Образуется заколдованный круг. Банкротство банков, банкротство предприятий, безработица, нищета. В 1929 году 23 тысячи коммерческих и промышленных предприятий разорились и исчезли. На следующий год – более 26 тысяч; в 1931 году – 28 235; в 1932-м – немногим менее 32 тысяч, то есть за четыре года – более 100 тысяч предприятий. Разорившиеся фермеры продают землю или ее конфискуют: число земельных участков, перешедших в другие руки, возрастает. Как выжить в сельской местности, когда цены, постепенно снижающиеся в двадцатые годы, внезапно рухнули? Фермеры вспоминают время, когда буасо пшеницы можно было продать за 2,16 доллара. Это было в 1919 году. В годы войны фермеры, производящие жизненно необходимые продукты, получали приличные доходы. Затем цены на пшеницу начали снижаться, а в 1923 году установилась цена 1,03 доллара за буасо. Это было тяжелым испытанием для производителей. И вдруг в течение нескольких месяцев цена на буасо резко упала до 38 центов. Наступило время тяжких испытаний для производителей пшеницы, хлопка или кукурузы, а также для животноводов.

В городах дела обстояли едва ли лучше. В конце 1930 года промышленное производство снизилось на 26 процентов по сравнению с 1929-м, а в 1932 году – на 51 процент. Если взять за базовую основу 1935–1939 годы, принимая уровень производства в этот период за 100, то промышленное производство в 1929 году соответствовало 110, в 1930 году – 91, в 1931-м – 75, в 1932-м – 58; только небольшой рост производства отмечался в 1933 году. Статистические данные по безработице, насколько несовершенными они ни были бы, отражают ту же картину экономического спада. С 1929 по 1933 год катастрофическая безработица нарастала: 1 миллион 500 тысяч безработных в 1929 году, 4 миллиона 250 тысяч в 1930-м, 7 миллионов 911 тысяч в 1931-м, 11 миллионов 901 тысяча в 1932-м, 12 миллионов 634 тысячи в 1933 году.

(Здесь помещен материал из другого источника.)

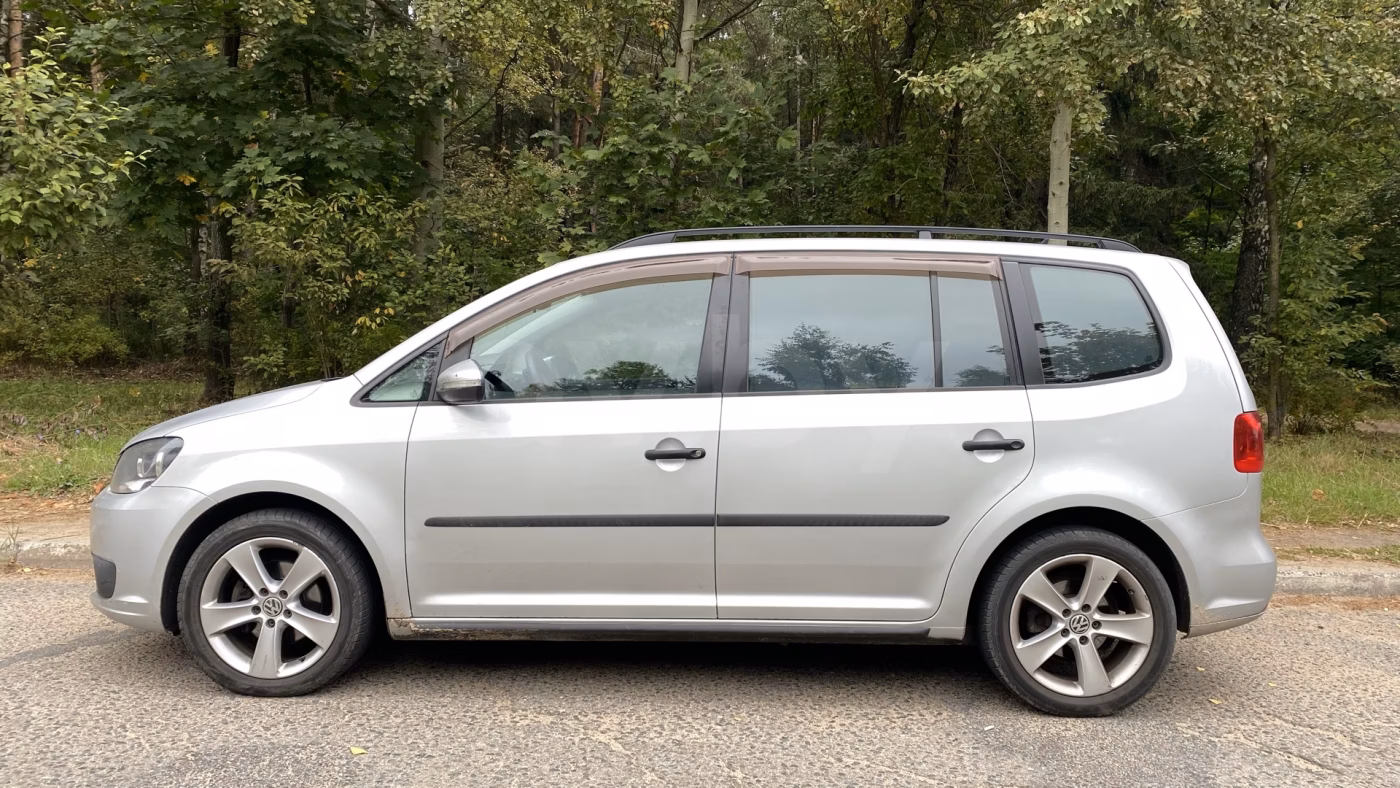 Volkswagen Touran фото 9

Когда Рузвельт вступил в Белый дом, один американец из четырех в работоспособном возрасте лишился работы. И, конечно, нечего было надеяться, что с вступлением в должность нового президента все быстро уладится! Вплоть до 1941 года пропорция безработных по отношению к общему числу активного населения никогда не будет ниже 13,8 процента (то есть один американец из восьми – безработный), а зачастую – около 18 процентов (один американец из пяти или шести). Необходима была тотальная мобилизация людей и всех ресурсов, короче говоря, мировая война, чтобы безработица исчезла и перестала быть проблемой момента. 1929 год в Соединенных Штатах – это начало десятилетия, в течение которого люди забыли значение выражения «полная занятость».